- Born: New York City, U.S.
- Education: New York University (BA)
- Children: 2
- Writing career
- Years active: 2014–present
- Genres: young adult, new adult
- Notable works: Going Bicoastal Cool for the Summer Out on Good Behavior
- Website: dahliaadler.com

= Dahlia Adler =

American author

Dahlia Adler is an American author of young adult and new adult fiction.

== Early life and education ==
Adler was born in New York City and raised in the suburbs. She is a graduate of New York University, with a BA in journalism.

== Writing career ==
Adler's debut young adult novel, Behind the Scenes, about high school senior Ally who gets entangled in her celebrity best friend Vanessa's Hollywood life when she falls for her co-star, was published in 2014 by Spencer Hill. It has also been translated into Spanish and published by Ediciones Kiwi. A companion novel, Under the Lights, followed in 2015. In the companion novel Vanessa has to deal with a new co-star while Ally is off at college, and the former unexpectedly falls for the girl assigned by her publicist to handle her. Under the Lights was included on ALA's Rainbow Book List in 2016.
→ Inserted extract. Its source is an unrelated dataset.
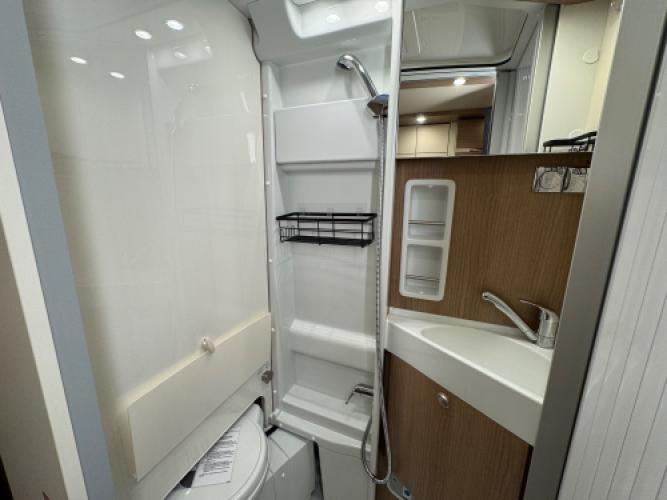 Malibu Diversity 640 LE INCL. STALLING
Adler wrote a three-book new adult series called Radleigh University. The third book, Out on Good Behavior, was a finalist for the 2016 Bisexual Book Awards in both Teen Literature and Romance.

In 2021, Adler published her first young adult novel in five years, Cool for the Summer, with Wednesday Books. It was an Indie Next pick, an Amazon Best Book of the Month, and Alma's choice for Best YA of 5781. Her next novel, Home Field Advantage, released on June 7, 2022, and was an Indie Next Pick and Junior Library Guild selection. Her next novel, Going Bicoastal, released in June 2023 and received a Sydney Taylor Book Award silver medal for YA. All three books are on the ALA Rainbow Book List.

Adler is the editor of His Hideous Heart, an anthology of retellings of Edgar Allan Poe stories, featuring authors Kendare Blake, Rin Chupeco, Lamar Giles, Tessa Gratton, Tiffany D. Jackson, Stephanie Kuehn, Amanda Lovelace, Emily Lloyd-Jones, Hillary Monahan, Marieke Nijkamp, Caleb Roehrig, and Fran Wilde, which was published by Flatiron in 2019. It was named a Junior Library Guild selection and a Best YA of the Year by Publishers Weekly and Kirkus. In 2019, she announced her next anthology, That Way Madness Lies, a collection of reimaginings of Shakespeare's work; it published in 2021 and named a Bank Street Best Young Adult Book of the Year. Her third anthology, At Midnight, released in 2022.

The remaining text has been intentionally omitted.